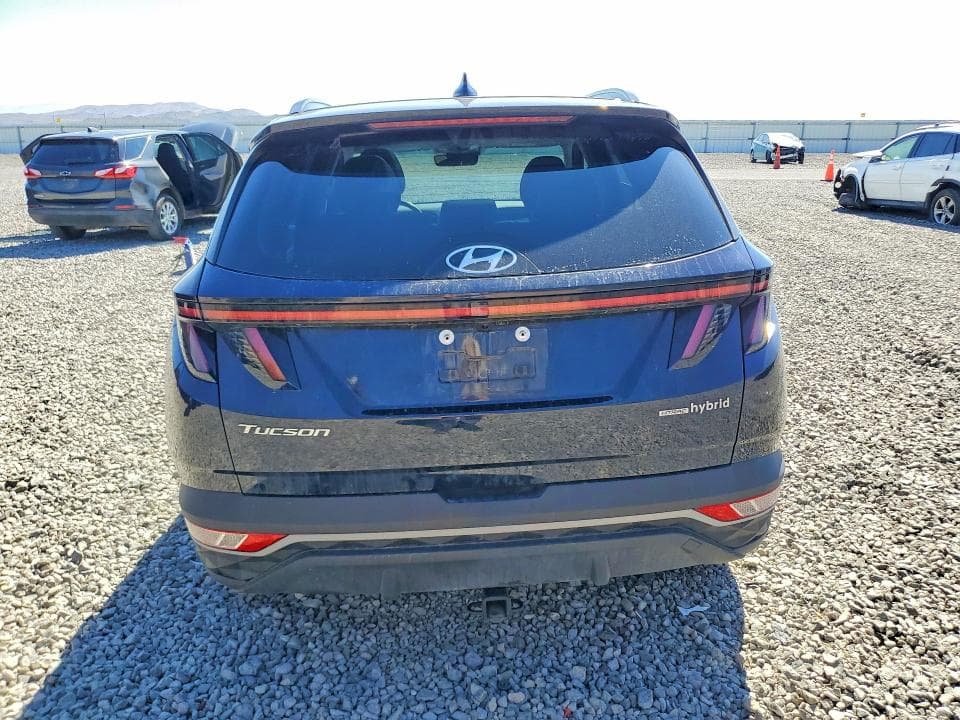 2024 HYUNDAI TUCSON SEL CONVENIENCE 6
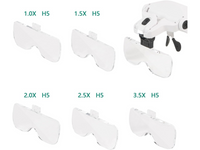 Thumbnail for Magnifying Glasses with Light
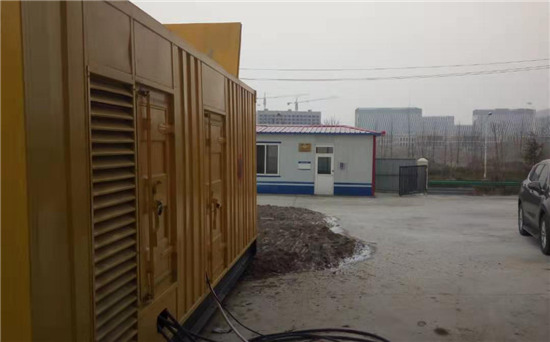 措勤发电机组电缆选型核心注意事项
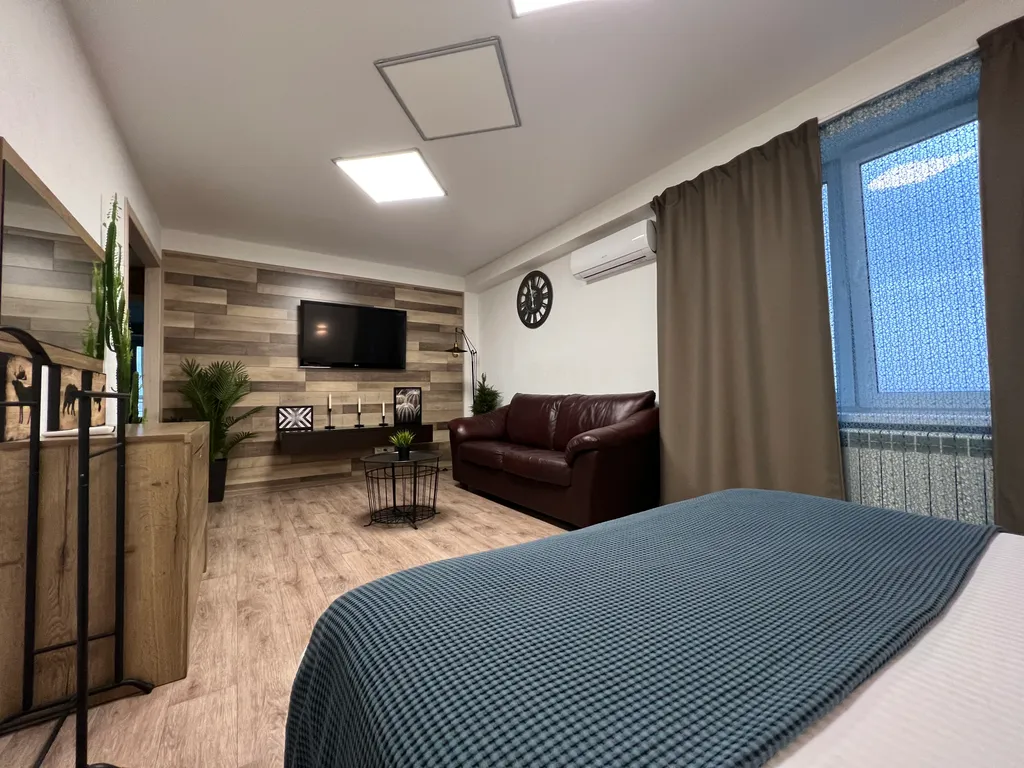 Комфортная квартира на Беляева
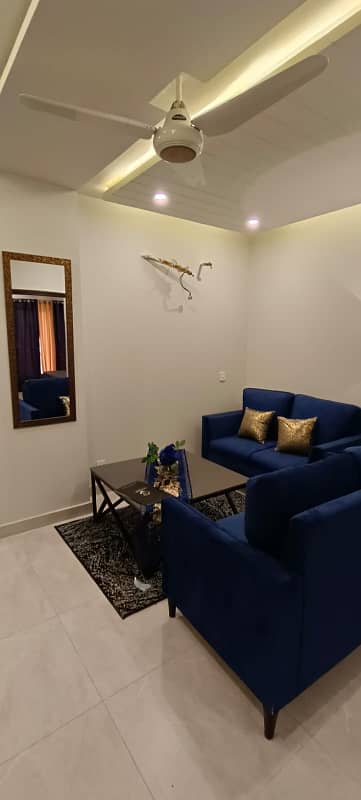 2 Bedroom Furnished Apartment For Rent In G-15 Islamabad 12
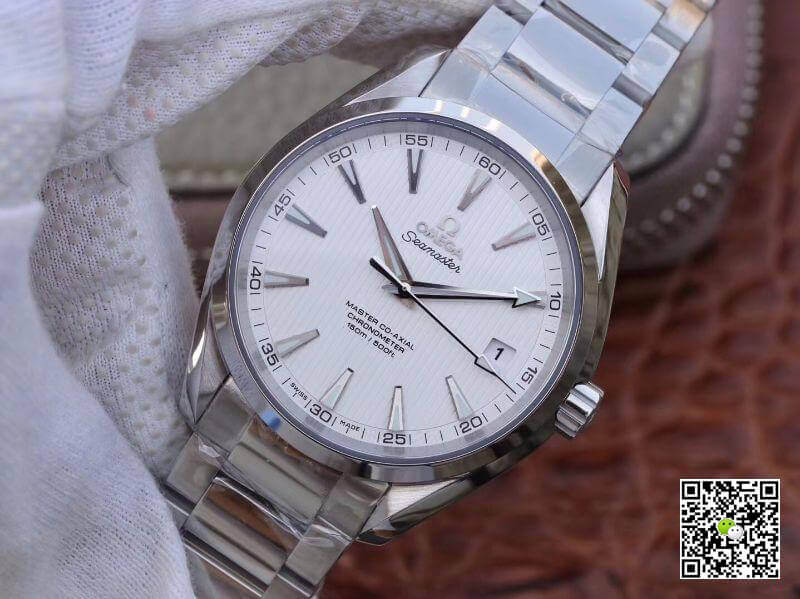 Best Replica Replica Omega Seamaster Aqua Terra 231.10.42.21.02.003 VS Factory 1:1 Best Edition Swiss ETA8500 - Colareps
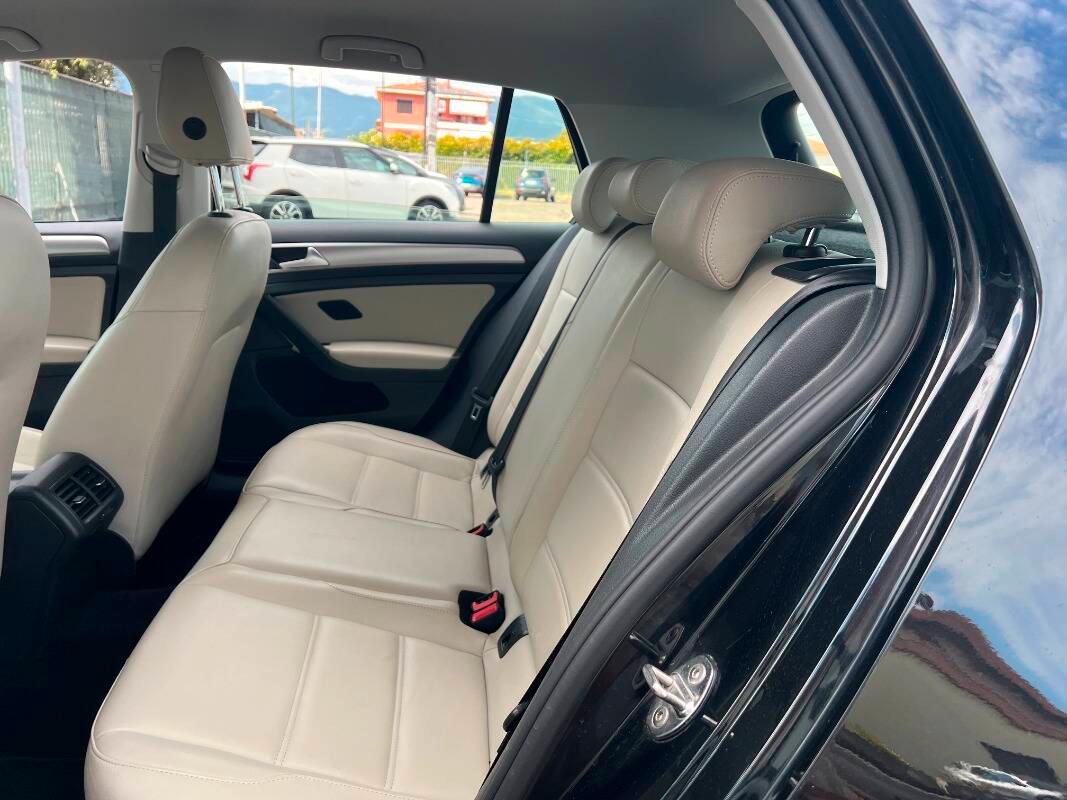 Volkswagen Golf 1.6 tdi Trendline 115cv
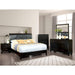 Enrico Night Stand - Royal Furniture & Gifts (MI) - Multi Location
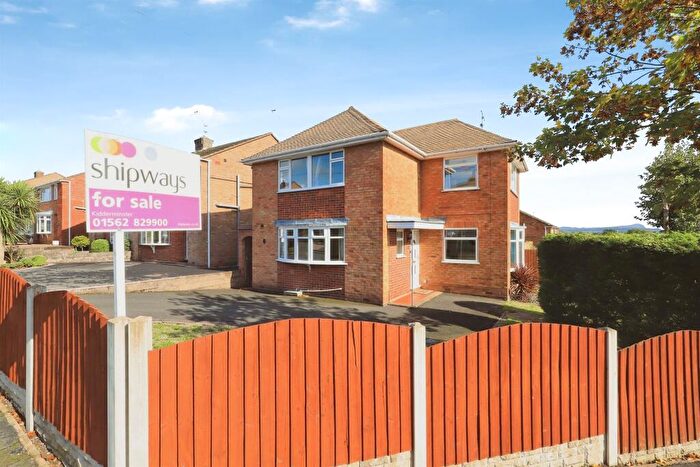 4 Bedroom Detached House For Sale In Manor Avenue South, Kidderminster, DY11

### Your instructions
With pictures excluded, restate word for word the lines from the one that contains "2 Bedroom Furnished" through the end of the material, inclusive, and nothing more.

### Task output
 2 Bedroom Furnished Apartment For Rent In G-15 Islamabad 12
 Best Replica Replica Omega Seamaster Aqua Terra 231.10.42.21.02.003 VS Factory 1:1 Best Edition Swiss ETA8500 - Colareps
 Volkswagen Golf 1.6 tdi Trendline 115cv
 Enrico Night Stand - Royal Furniture & Gifts (MI) - Multi Location
 4 Bedroom Detached House For Sale In Manor Avenue South, Kidderminster, DY11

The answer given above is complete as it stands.